# [What you will do]
Each record, minus any picture, should be returned exactly as written.

[Caption-style text data]
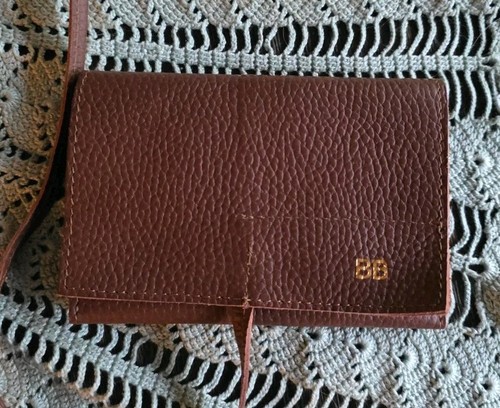 Mark and Graham Pebbled Leather Charger Roll up Travel Brown
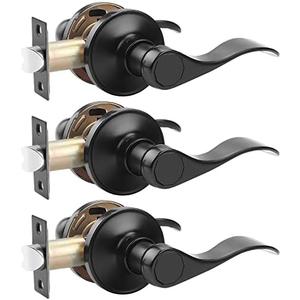 Probrico (3 Pack Passage Door Lever [Non-Locking Lever Set], Non-Locking Door Handle Set for Hallway or Closets, Keyless Black Finish Wave Door Lock, Reversible Right & Left Side Handed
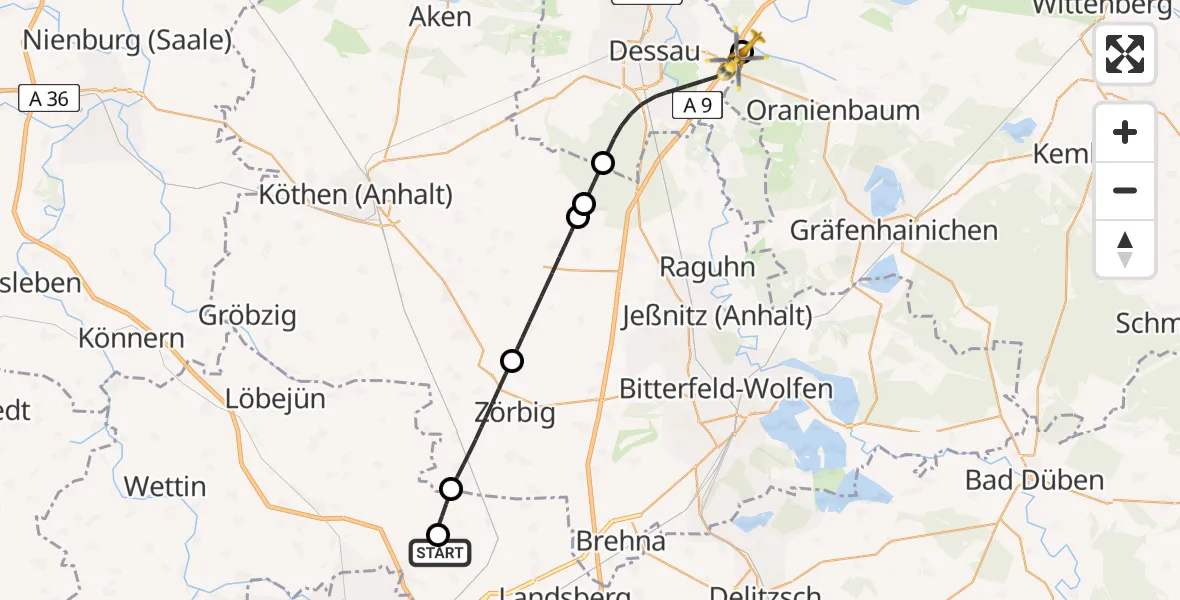 Flugroute Rettungshubschrauber Halle-Oppin Flugplatz - Oranienbaum-Wörlitz, 07 August 2026, 10:24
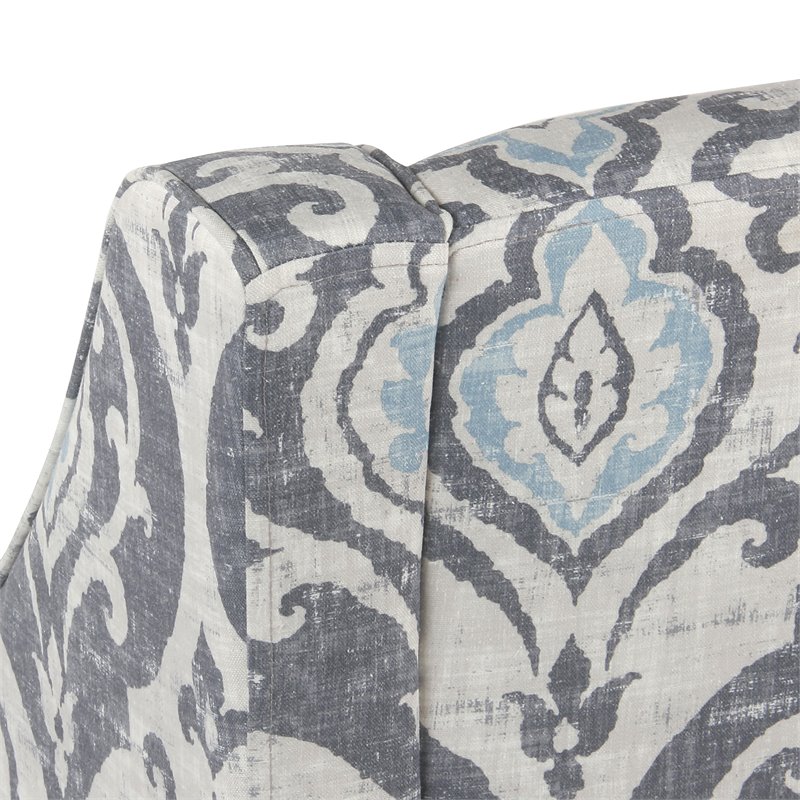 HomePop Traditional Wood and Fabric Swoop Accent Chair in Suri Blue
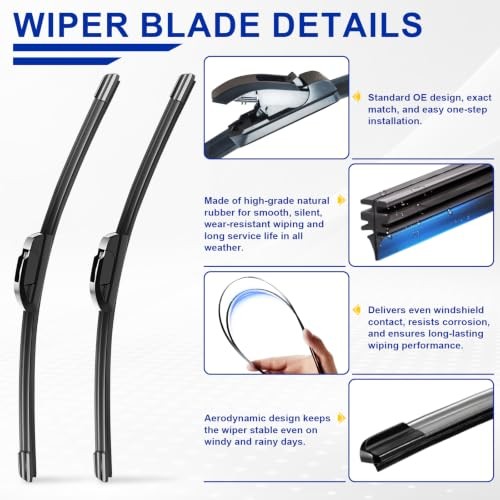3 Windshield wipers Compatible with Mazda 3 For Mazda 3 Hatchback 2019-2025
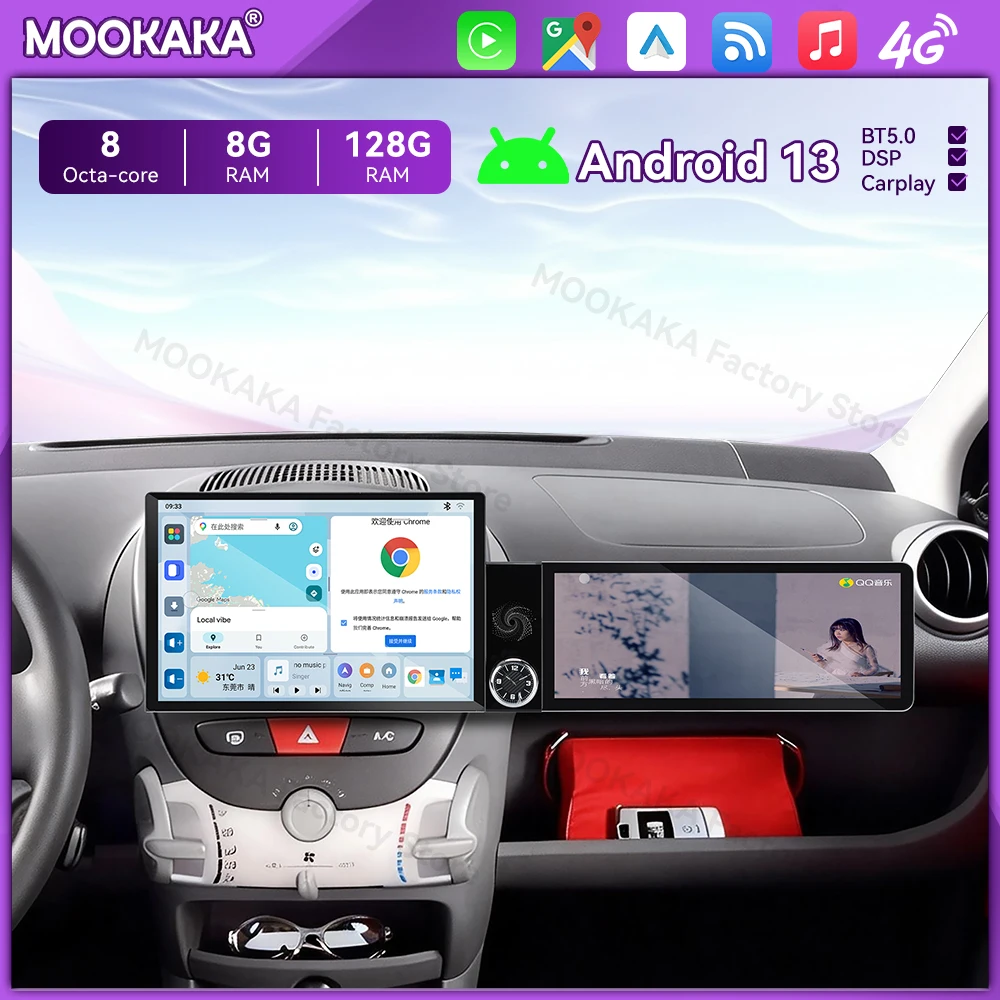 Android Radio For Peugeot 107/Toyota Aygo/Citroen C1 2005~2014 Screen GPS Multimedia Navigation Stereo Receiver player Head Unit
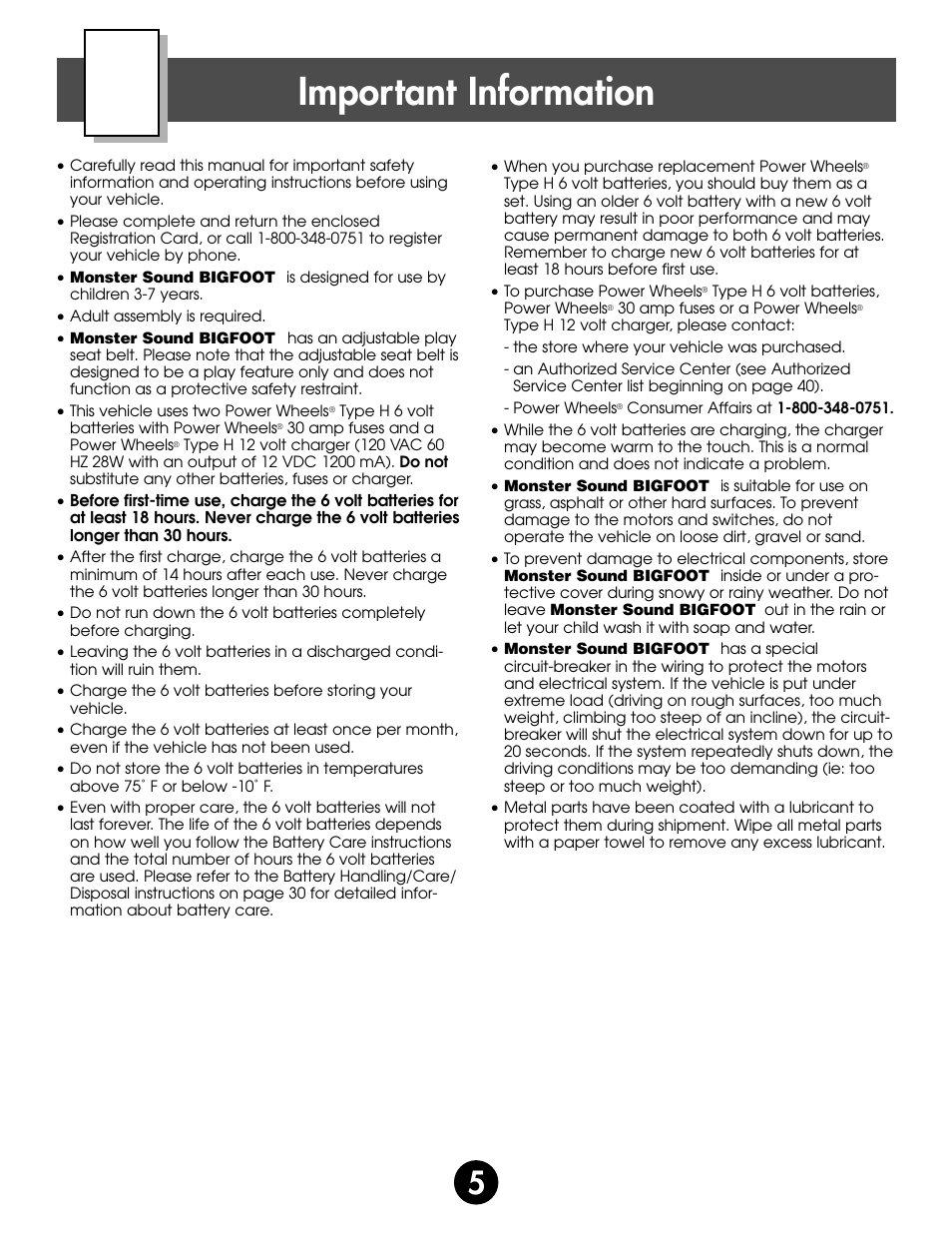 Important information | Fisher-Price MONSTER SOUND BIGFOOT 74420 User Manual | Page 5 / 44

# [Solution to the problem]
 Mark and Graham Pebbled Leather Charger Roll up Travel Brown
 Probrico (3 Pack Passage Door Lever [Non-Locking Lever Set], Non-Locking Door Handle Set for Hallway or Closets, Keyless Black Finish Wave Door Lock, Reversible Right & Left Side Handed
 Flugroute Rettungshubschrauber Halle-Oppin Flugplatz - Oranienbaum-Wörlitz, 07 August 2026, 10:24
 HomePop Traditional Wood and Fabric Swoop Accent Chair in Suri Blue
3 Windshield wipers Compatible with Mazda 3 For Mazda 3 Hatchback 2019-2025
 Android Radio For Peugeot 107/Toyota Aygo/Citroen C1 2005~2014 Screen GPS Multimedia Navigation Stereo Receiver player Head Unit
 Important information | Fisher-Price MONSTER SOUND BIGFOOT 74420 User Manual | Page 5 / 44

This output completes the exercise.